§ Aim of the task:
Please write out the full listing beneath this line exactly, skipping its images.

§ Data extract:
■ ■ ■ ■
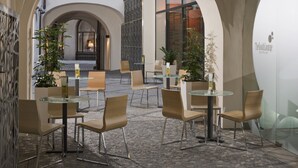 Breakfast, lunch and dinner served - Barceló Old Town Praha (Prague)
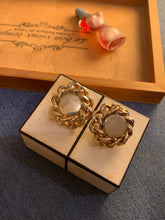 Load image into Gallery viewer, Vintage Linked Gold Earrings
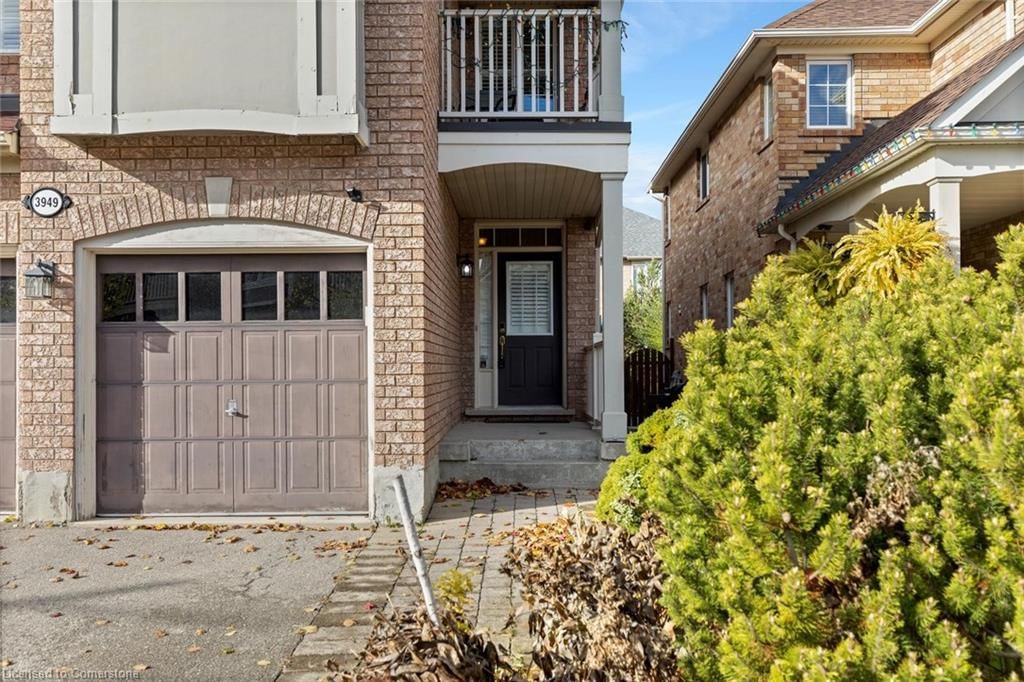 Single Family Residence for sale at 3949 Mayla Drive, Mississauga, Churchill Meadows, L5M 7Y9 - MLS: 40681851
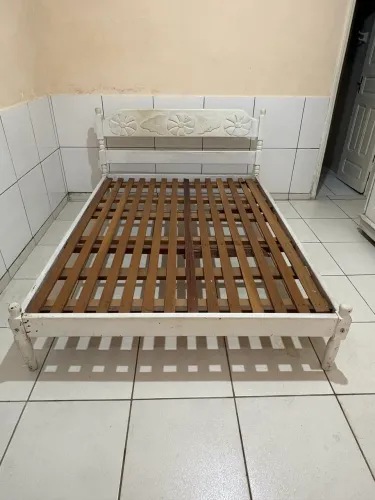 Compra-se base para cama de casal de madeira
■ ■ ■ ■
§ Reply:
 Breakfast, lunch and dinner served - Barceló Old Town Praha (Prague)
 Load image into Gallery viewer, Vintage Linked Gold Earrings
 Single Family Residence for sale at 3949 Mayla Drive, Mississauga, Churchill Meadows, L5M 7Y9 - MLS: 40681851
 Compra-se base para cama de casal de madeira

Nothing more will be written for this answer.